5.3.2 Certificaten van aandelen

Deze rechtsfiguur is niet in de wet geregeld. In de praktijk worden (alle of een deel van) de aandelen ten titel van beheer overgedragen aan en gehouden door een administratiekantoor, die goederenrechtelijk rechthebbende is op de aandelen. De certificaathouder heeft slechts de aan het aandeel verbonden financiële rechten.231 Een voorbeeld van een Nederlandse eredivisieclub die hiervan gebruik maakt is Willem II. Zij heeft haar betaald voetbal ondergebracht in Willem II Tilburg BV, waarvan een afzonderlijke stichting de aandelen bezit. Deze stichting geeft certificaten van aandelen uit aan direct bij de voetbalclub betrokken personen. Deze certificaathouders vormen de clubraad.232 De leden van de clubraad hebben via de certificaten niet het stemrecht op aandelen, maar hen komt een beperkt aantal rechten toe. Zo hebben zij bijvoorbeeld de bevoegdheid het bestuur van de stichting te benoemen, te schorsen en te ontslaan.233

5.3.2.1 Rechtsverhoudingen conform de artikelen 57 lid 1 KNVB Reglementen Betaald Voetbal 2018 jo.

18bis FIFA RSTP

Het administratiekantoor oefent als aandeelhouder de aan de aandelen verbonden zeggenschapsrechten uit. Tussen het administratiekantoor en de voetbalclub gelden de wet en de statuten.234 De administratievoorwaarden in de beheersovereenkomst regelen de rechtsverhouding tussen het administratiekantoor en de certificaathouders.235 Er is aldus sprake van een contractuele grondslag.
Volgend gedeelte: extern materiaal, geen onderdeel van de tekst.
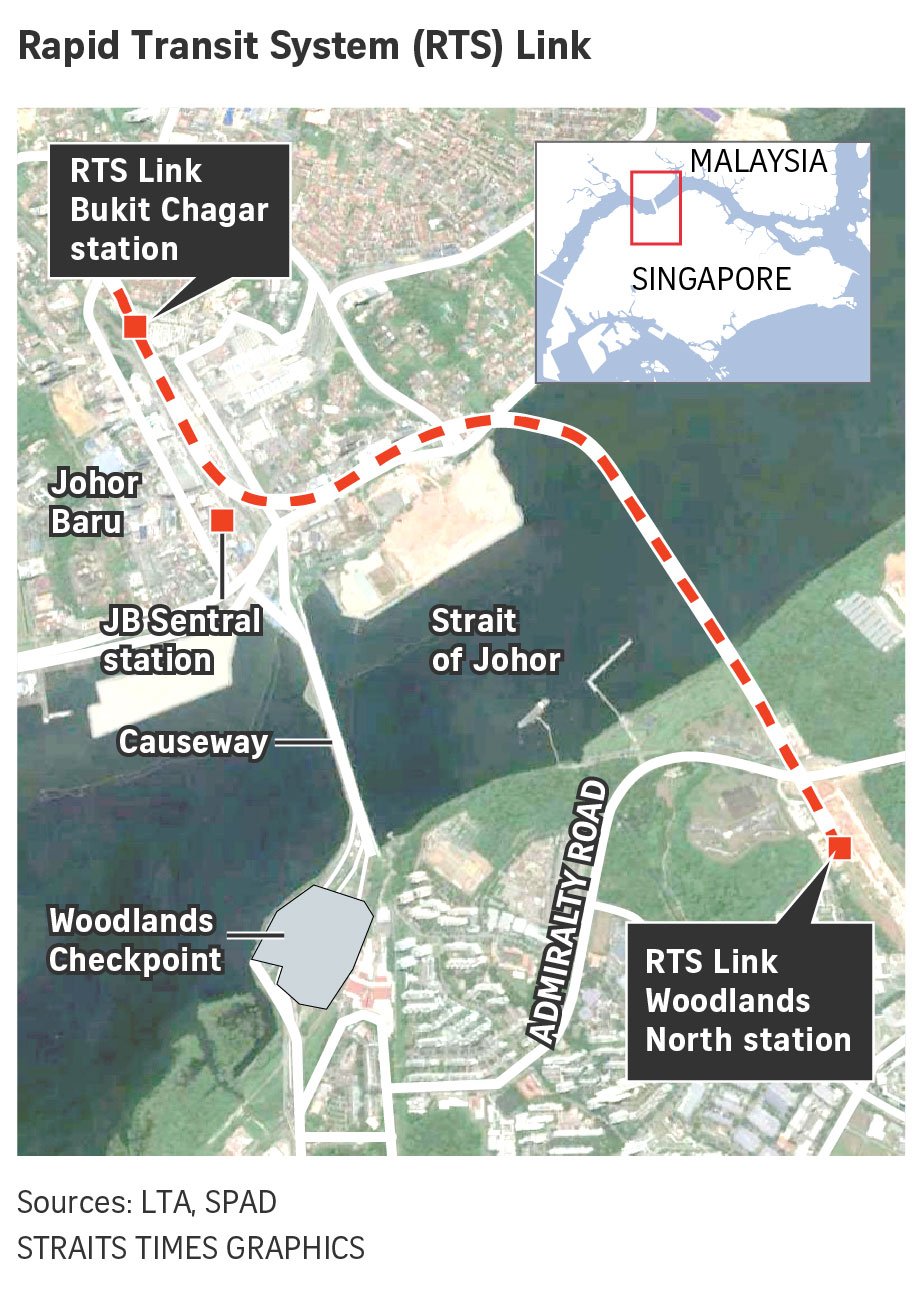 Lễ khởi công cho hệ thống tàu cao tốc nối liền Johor Bahru và Singapore đã diễn ra tại chốt hải quan cửa khẩu (CIQ) 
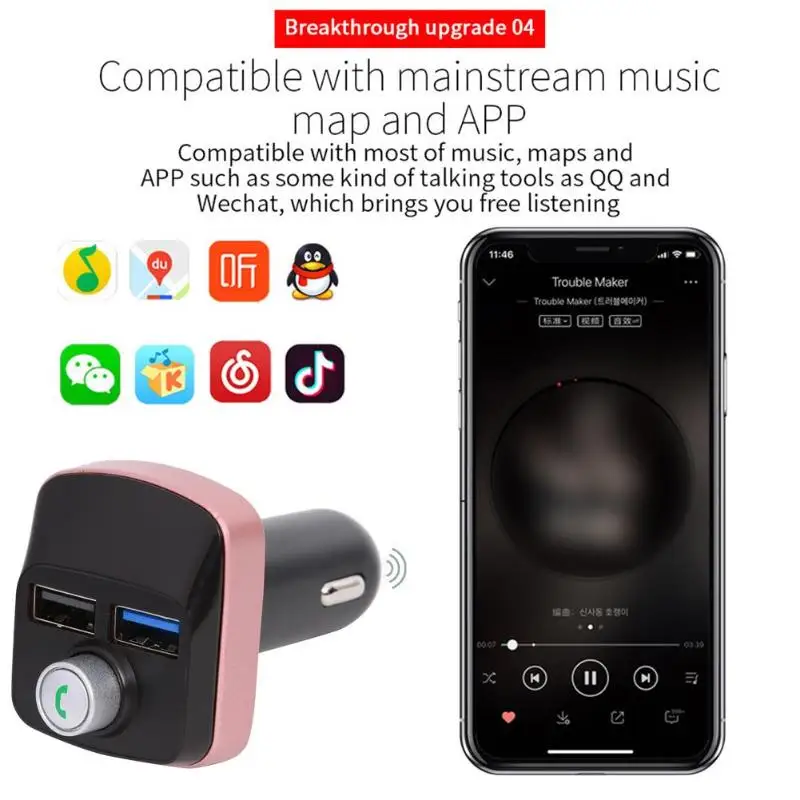 FM12 передатчик громкой связи CVC технология подавления шума ветра Bluetooth 3,0 женский розовый EDR 2,4 ГГц мини USB порт автомобиля Charg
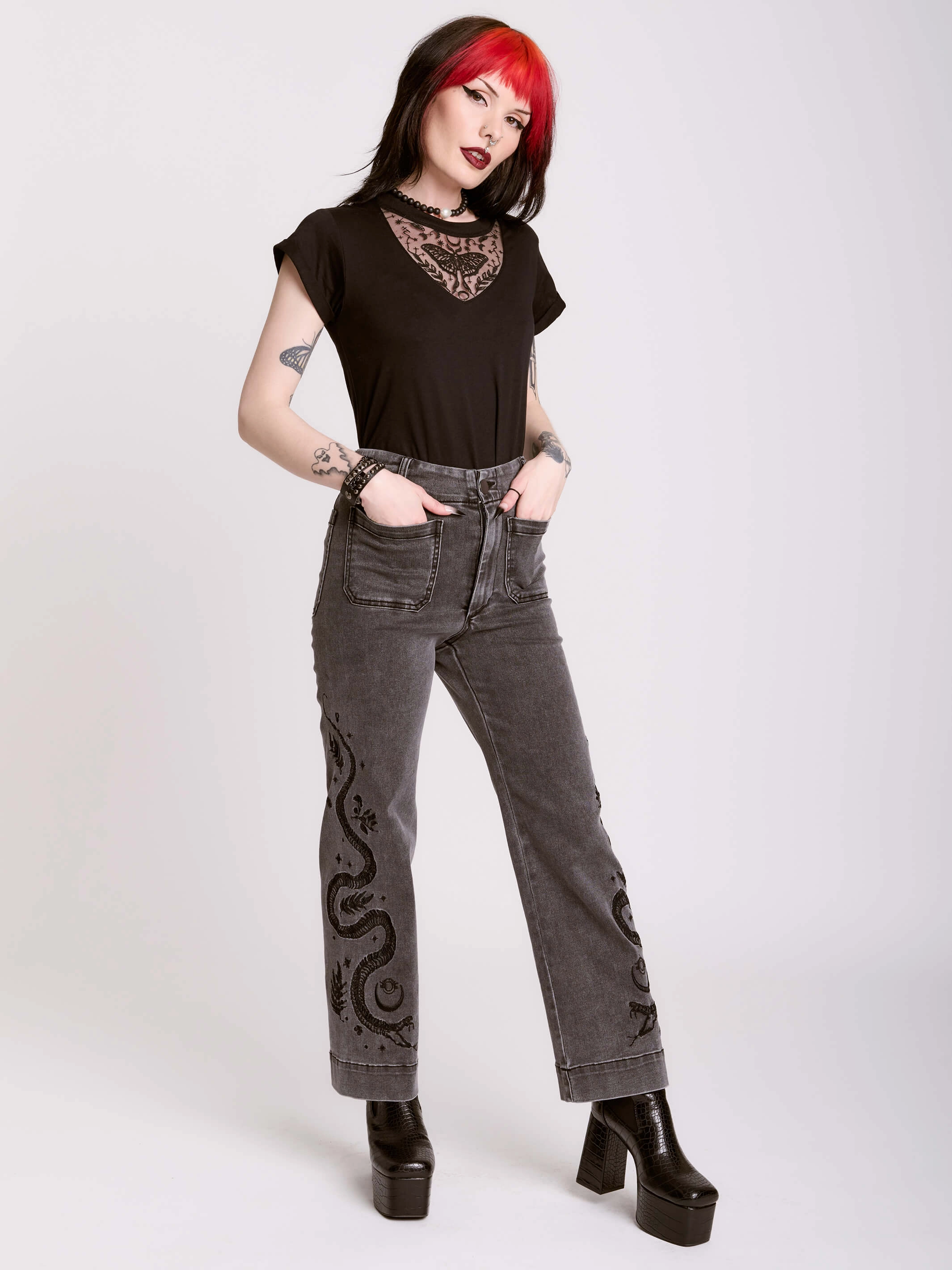 Cozy Essentials Moth Embroidered Baby Tee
Ondanks het stemrecht in de algemene vergadering van aandeelhouders onthouden blijft aan de certificaathouder, zijn er verschillende andere mogelijkheden voor de certificaathouder om een zekere invloed op de besluitvorming in de vennootschap uit te oefenen. Artikel 2:117 lid 2 BW bepaalt bijvoorbeeld voor de NV dat aan de houders van met medewerking van de vennootschap uitgegeven certificaten van aandelen vergaderrecht hebben. In geval van een BV kunnen de statuten bepalen dat de houder van certificaten van aandelen vergaderrecht toekomt.236 Aan dit vergaderrecht zijn verschillende organisatierechtelijke rechten gekoppeld: het bijeenroepingsrecht,237 het machtigingsrecht tot

231 Wolf, WPNR 2016/7093, p. 97.

232 Willem II 2018.

233 Art. 4 lid 3 en 8 Statuten Stichting Willem II.

234 Wolf, WPNR 2016/7093, p. 2.

235 Asser/Maeijer, Van Solinge & Nieuwe Weme 2-II* 2009/661

236 Art 2:227 lid 2 BW.

237 art. 2:110/220 lid 1 jo. lid 2 BW.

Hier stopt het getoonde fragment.